Fine-tuning LayoutLM for document-understanding using Keras & Hugging Face Transformers

Published on
17 min read
View Code

In this blog, you will learn how to fine-tune LayoutLM (v1) for document-understand using Tensorflow, Keras & Hugging Face Transformers. LayoutLM is a document image understanding and information extraction transformers and was originally published by Microsoft Research as PyTorch model, which was later converted to Keras by the Hugging Face Team. LayoutLM (v1) is the only model in the LayoutLM family with an MIT-license, which allows it to be used for commercial purposes compared to other LayoutLMv2/LayoutLMv3.

We will use the FUNSD dataset a collection of 199 fully annotated forms. More information for the dataset can be found at the dataset page.

You will learn how to:

  1. Setup Development Environment
  2. Load and prepare FUNSD dataset
  3. Fine-tune and evaluate LayoutLM
  4. Run inference and parse form

Before we can start, make sure you have a Hugging Face Account to save artifacts and experiments.

Quick intro: LayoutLM by Microsoft Research

LayoutLM is a multimodal Transformer model for document image understanding and information extraction transformers and can be used form understanding and receipt understanding.


Now we know how LayoutLM works, so let's get started. 🚀

Note: This tutorial was created and run on a g4dn.xlarge AWS EC2 Instance including a NVIDIA T4.

1. Setup Development Environment

Our first step is to install the Hugging Face Libraries, including transformers and datasets. Running the following cell will install all the required packages. Additinoally, we need to install an OCR-library to extract text from images. We will use pytesseract.

If you haven't set up a Tensorflow environment you can use the conda snippet below.

conda create --channel=conda-forge --name tf \
  python=3.9 \
  nvidia::cudatoolkit=11.2 \
# ubuntu
!sudo apt install -y tesseract-ocr
# python
!pip install pytesseract transformers datasets evaluate seqeval tensorboard

# install git-fls for pushing model and logs to the hugging face hub
!sudo apt-get install git-lfs --yes

This example will use the Hugging Face Hub as a remote model versioning service. To be able to push our model to the Hub, you need to register on the Hugging Face. If you already have an account, you can skip this step. After you have an account, we will use the notebook_login util from the huggingface_hub package to log into our account and store our token (access key) on the disk.
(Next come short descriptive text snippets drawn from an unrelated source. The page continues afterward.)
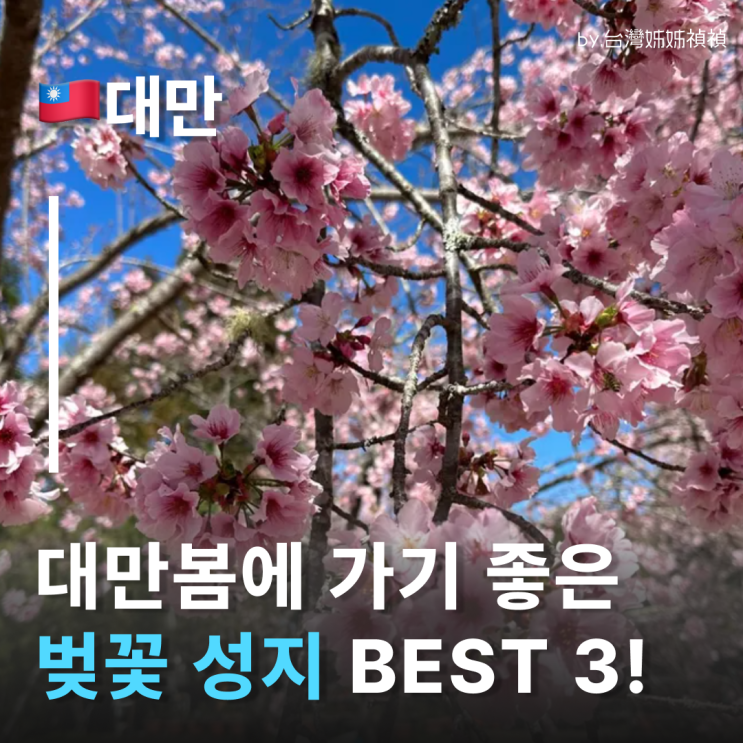  대만벚꽃 인생샷 성지 BEST 3! 대만날씨 & 대만봄 여행 꿀팁 총정리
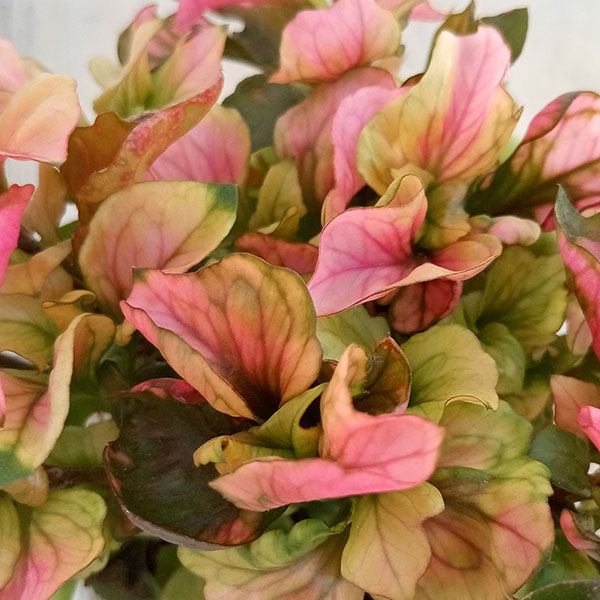 草花の苗 アルテルナンセラ ファニードレス2....の詳細画像1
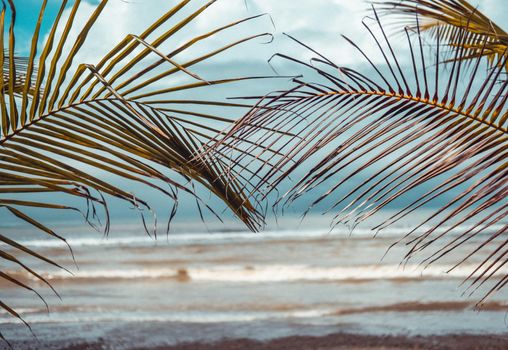 Photography of palm leaf and ocean behind it. High quality photo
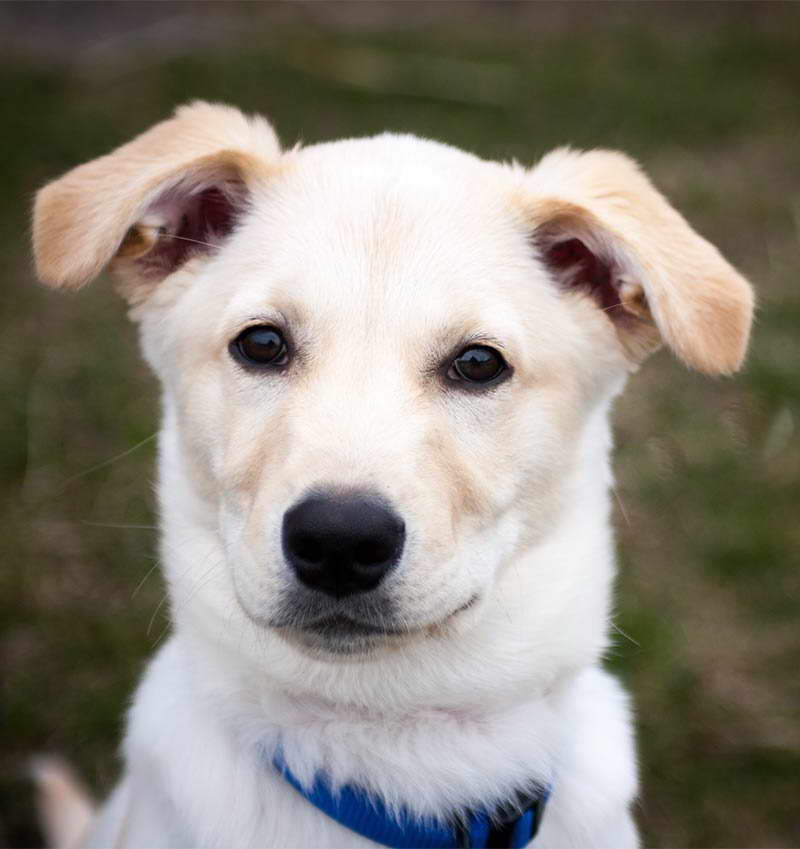 Husky Yellow Lab Mix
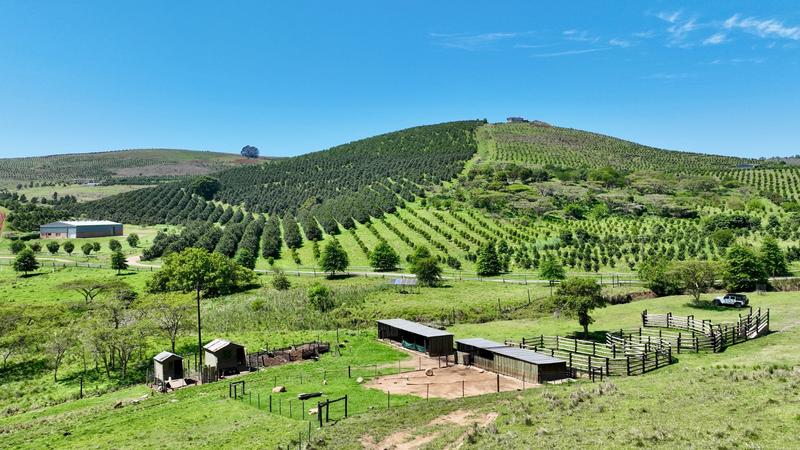 0 Bedroom Property for Sale in Mount Verde KwaZulu-Natal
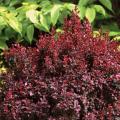 BARBERRY, CONCORDE 2 GALLON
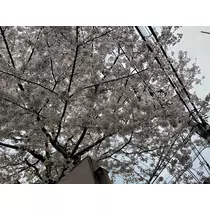 たまき
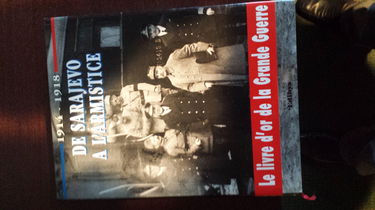 Guerre 1914-1918, de Sarajevo à la nouvelle Europe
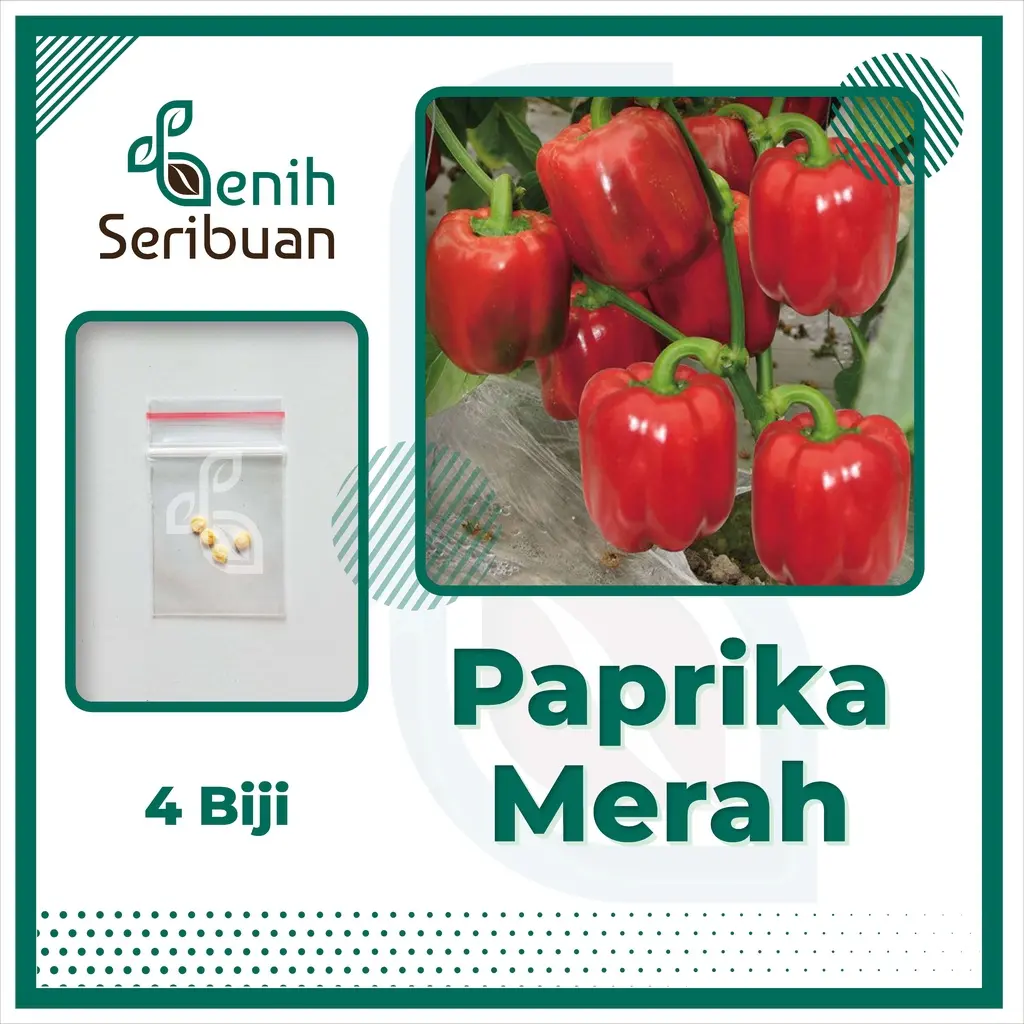 PAPRIKA MERAH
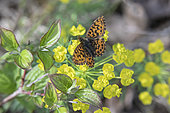 Weaver's fritillary (Boloria dia) on a flowering spurge in spring, Roadside in forest, surroundings of Marbache, Lorraine, France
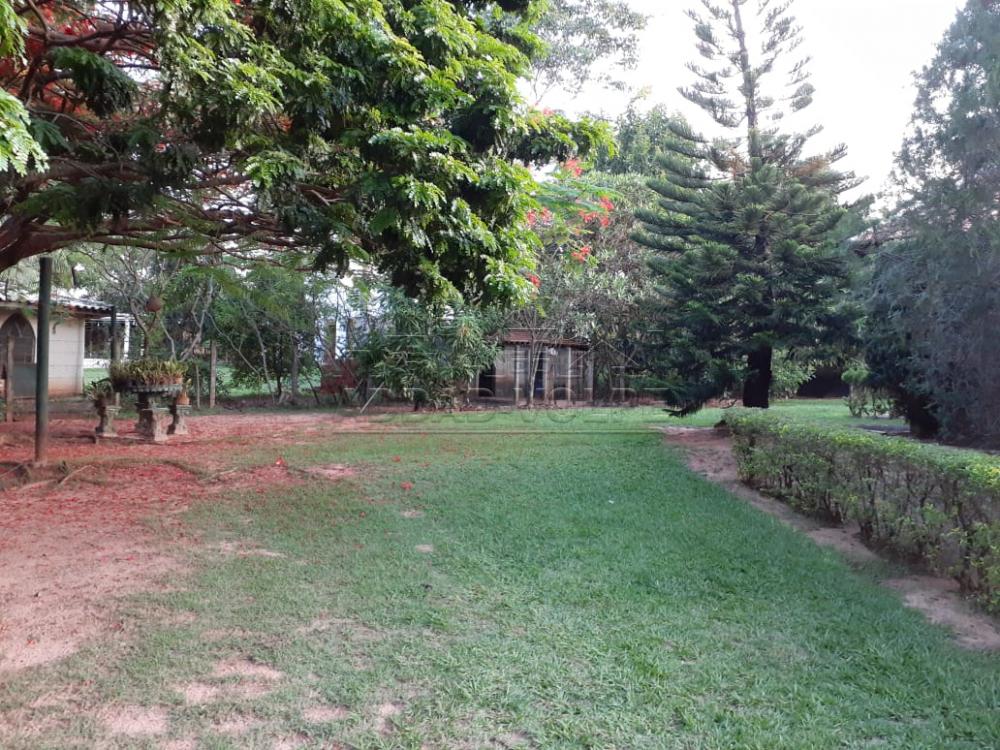 Comprar Rural / Chácara em Piratininga R$ 800.000,00 - Foto 2 Comprar Rural / Chácara em Piratininga R$ 800.000,00 - Foto 2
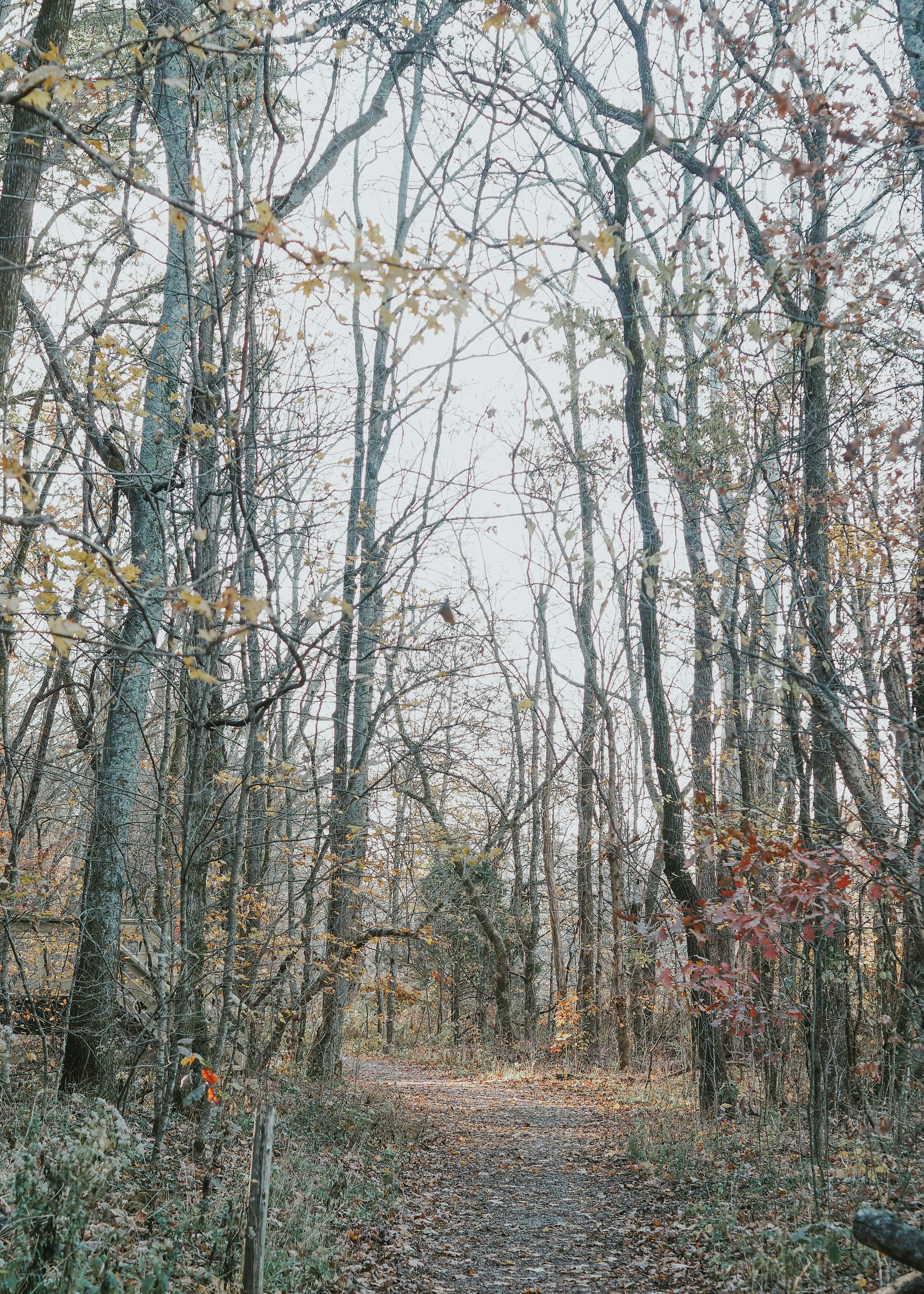 Photo by fieldworkframes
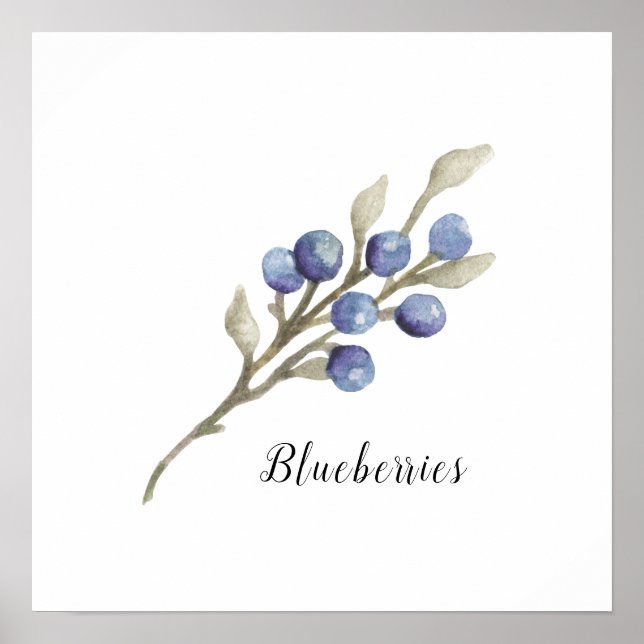 Botanische Blaubeeren Poster (Vorne)
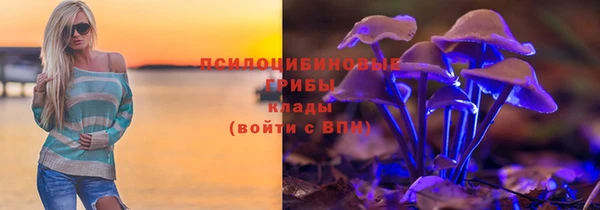 индика Аркадак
from huggingface_hub import notebook_login


2. Load and prepare FUNSD dataset

We will use the FUNSD dataset a collection of 199 fully annotated forms. The dataset is available on Hugging Face at nielsr/funsd.

Note: The LayoutLM model doesn't have a AutoProcessor to create the our input documents, but we can use the LayoutLMv2Processor instead.

dataset_id ="nielsr/funsd"

To load the funsd dataset, we use the load_dataset() method from the 🤗 Datasets library.

from datasets import load_dataset

dataset = load_dataset(dataset_id)

print(f"Train dataset size: {len(dataset['train'])}")
print(f"Test dataset size: {len(dataset['test'])}")
# Train dataset size: 149
# Test dataset size: 50

Lets checkout an example of the dataset.

from PIL import Image, ImageDraw, ImageFont

image =['train'][40]['image_path'])
image = image.convert("RGB")

We can display all our classes by inspecting the features of our dataset. Those ner_tags will be later used to create a user friendly output after we fine-tuned our model.

labels = dataset['train'].features['ner_tags'].feature.names
print(f"Available labels: {labels}")

id2label = {v: k for v, k in enumerate(labels)}
label2id = {k: v for v, k in enumerate(labels)}
#     Available labels: ['O', 'B-HEADER', 'I-HEADER', 'B-QUESTION', 'I-QUESTION', 'B-ANSWER', 'I-ANSWER']

To train our model we need to convert our inputs (text/image) to token IDs. This is done by a 🤗 Transformers Tokenizer and PyTesseract. If you are not sure what this means check out chapter 6 of the Hugging Face Course.

from transformers import LayoutLMv2Processor

# use LayoutLMv2 processor without ocr since the dataset already includes the ocr text
processor = LayoutLMv2Processor.from_pretrained(processor_id, apply_ocr=False)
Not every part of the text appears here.